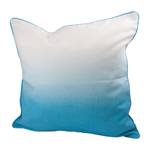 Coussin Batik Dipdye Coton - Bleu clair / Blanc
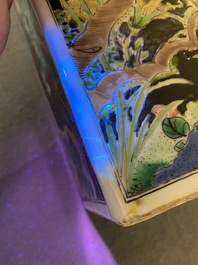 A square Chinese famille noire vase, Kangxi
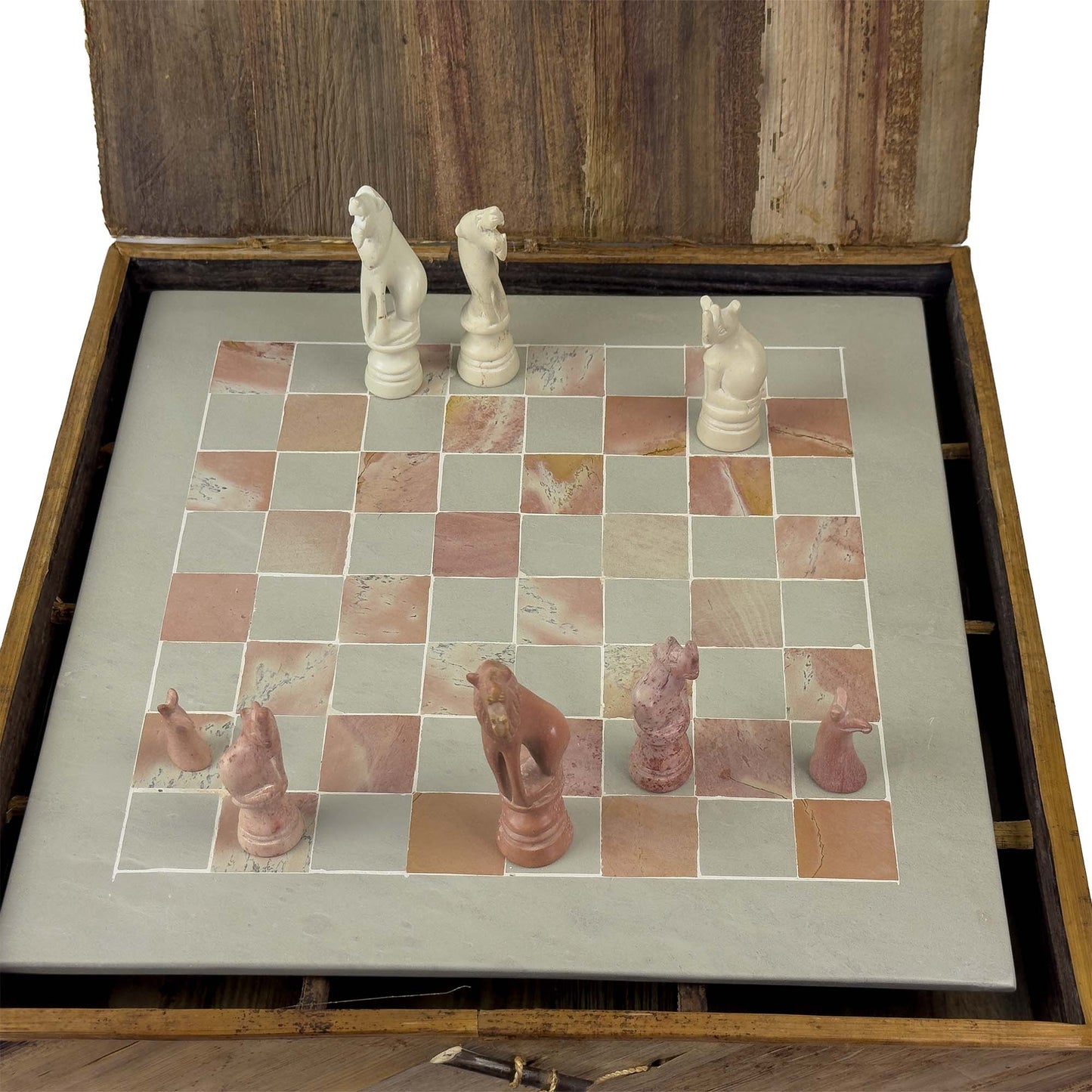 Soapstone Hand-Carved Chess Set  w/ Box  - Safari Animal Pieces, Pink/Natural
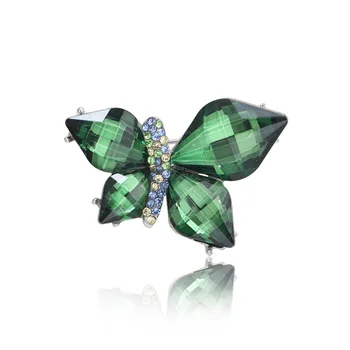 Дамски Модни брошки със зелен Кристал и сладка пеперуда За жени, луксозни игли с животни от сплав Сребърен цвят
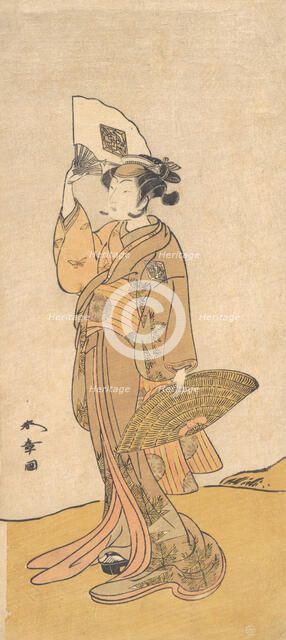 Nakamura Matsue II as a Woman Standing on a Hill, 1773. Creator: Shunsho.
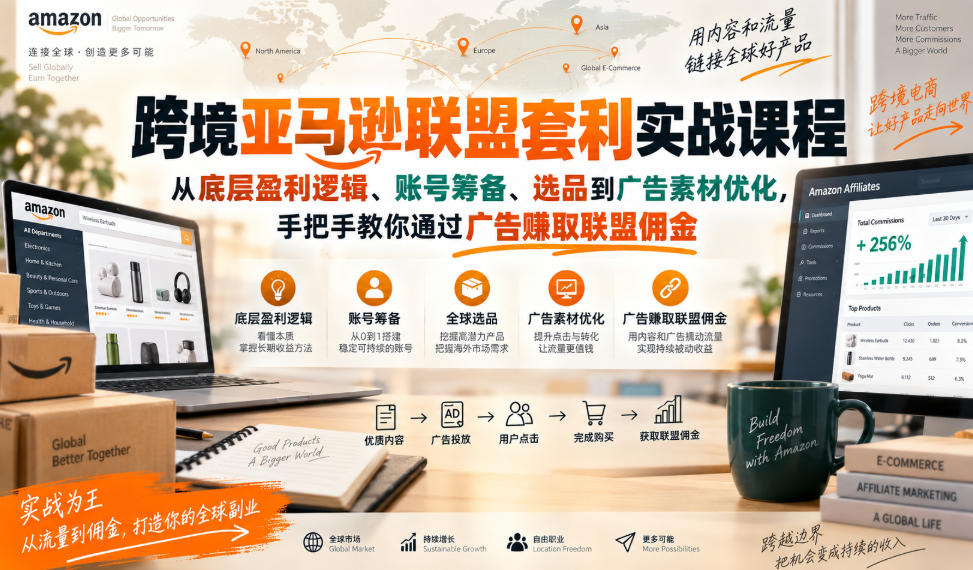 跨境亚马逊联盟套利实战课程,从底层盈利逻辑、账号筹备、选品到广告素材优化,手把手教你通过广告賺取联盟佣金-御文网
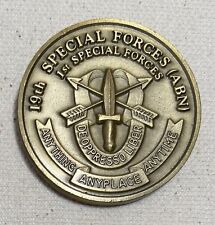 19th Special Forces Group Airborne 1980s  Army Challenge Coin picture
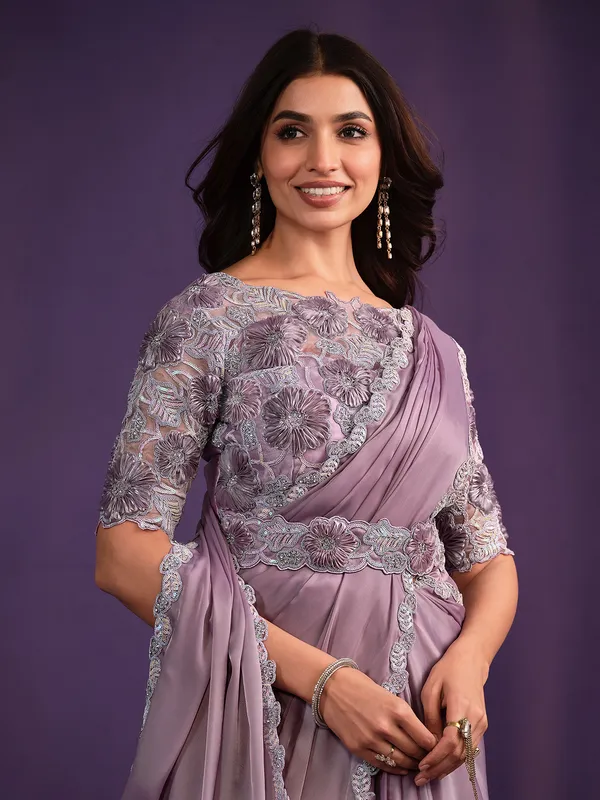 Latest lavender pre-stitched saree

——

The required output is the line containing "Nakamura Matsue II" plus every line after it to the end of the data, copied exactly and with no pictures.

(Problem solution)
 Nakamura Matsue II as a Woman Standing on a Hill, 1773. Creator: Shunsho.
 跨境亚马逊联盟套利实战课程,从底层盈利逻辑、账号筹备、选品到广告素材优化,手把手教你通过广告賺取联盟佣金-御文网
 19th Special Forces Group Airborne 1980s  Army Challenge Coin picture
 Latest lavender pre-stitched saree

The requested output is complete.